The Precipice eBook

This eBook from the Gutenberg Project consists of approximately 383 pages of information about The Precipice.

The Precipice eBook

This eBook from the Gutenberg Project consists of approximately 383 pages of information about The Precipice.

Kate greeted her hostess, and looked about her for the guest of honor.  It transpired that the affair was quite informal, after all.  The Englishwoman was sitting in a tea-tent discoursing with a number of gentlemen who hung over her with polite attentions.  They were well-known bachelors of advanced ideas—­men with honorary titles and personal ambitions.  The great suffragist was very much at home with them.  Her deep, musical voice resounded like a bell as she uttered her dicta and her witticisms.  She—­like the men—­was smoking a cigarette, a feat which she performed without coquetry or consciousness.  She was smoking because she liked to smoke.  It took no more than a glance to reveal the fact that she was further along in her pregnancy than Marna—­Marna who started back from the door when a stranger appeared at it lest she should seem immodest.  But the suffragette, having acquired an applauding and excellent husband, saw no reason why she should apologize to the world for the processes of nature.  Quite as unconscious of her condition as of her unconventionality in smoking, she discoursed with these diverted men, her transparent frock revealing the full beauties of her neck and bust, her handsome arms well displayed—­frankly and insistently feminine, yet possessing herself without hesitation of what may be termed the masculine attitude toward life.

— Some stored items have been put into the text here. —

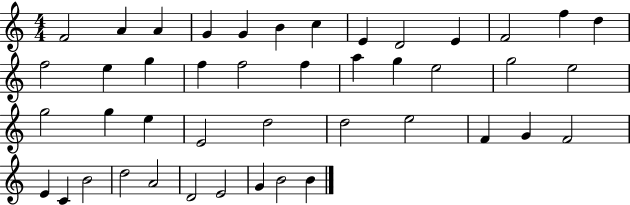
{
  \clef treble
  \numericTimeSignature
  \time 4/4
  \key c \major
  f'2 a'4 a'4 | g'4 g'4 b'4 c''4 | e'4 d'2 e'4 | f'2 f''4 d''4 | \break f''2 e''4 g''4 | f''4 f''2 f''4 | a''4 g''4 e''2 | g''2 e''2 | \break g''2 g''4 e''4 | e'2 d''2 | d''2 e''2 | f'4 g'4 f'2 | \break e'4 c'4 b'2 | d''2 a'2 | d'2 e'2 | g'4 b'2 b'4 | \break \bar "|."
}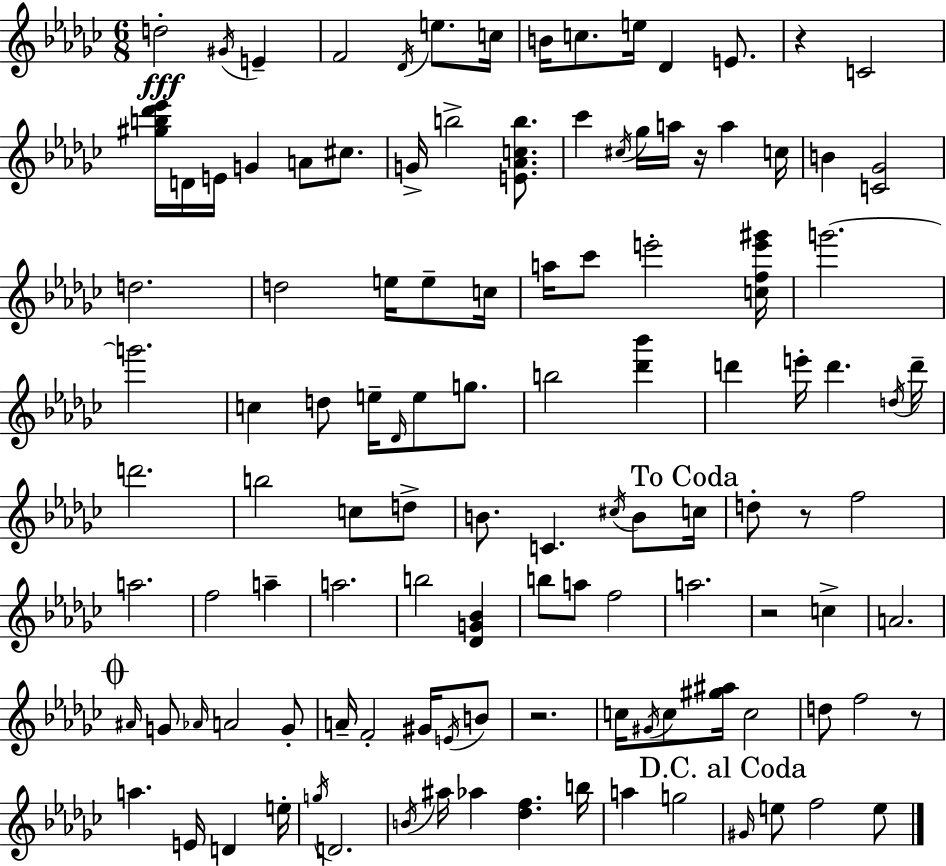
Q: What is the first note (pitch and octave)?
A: D5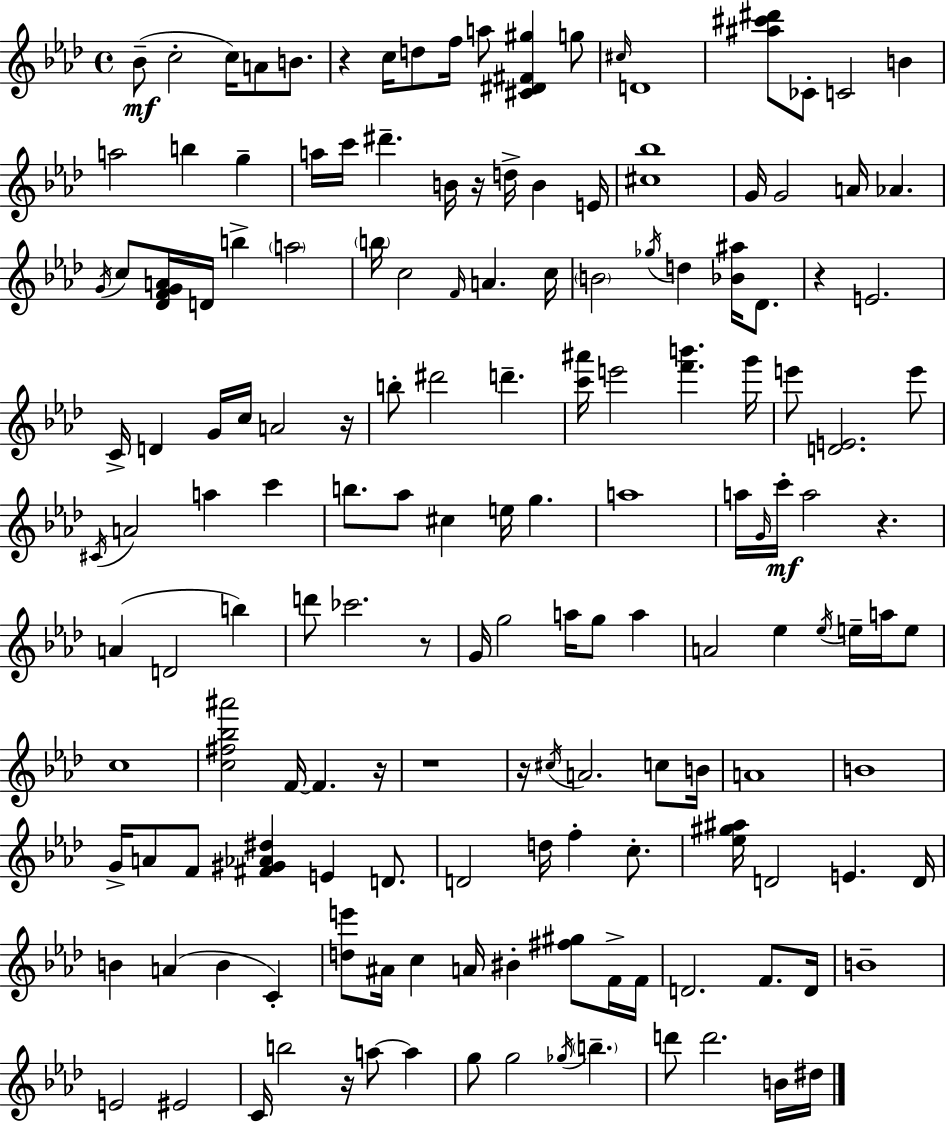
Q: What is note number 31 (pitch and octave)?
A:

For some reason which Kate did not attempt to define, she refrained from discussing the Bureau of Children with the celebrated suffragette, although she did not doubt that the Englishwoman would have been capable of keen and valuable criticism.  Instead, she returned to the city, sent a box of violets to Marna, and then went on to her attic room.

A letter was awaiting her from the West.  It read: 

     “MY DEAR MISS BARRINGTON:—­

“Honora and the kiddies are here.  I have given my cousin a room where she can see the mountains on two sides, and I hope it will help.  I’ve known the hills to help, even with pretty rough customers.  It won’t take a creature like Honora long to get hold of the secret, will it?  You know what I mean, I guess.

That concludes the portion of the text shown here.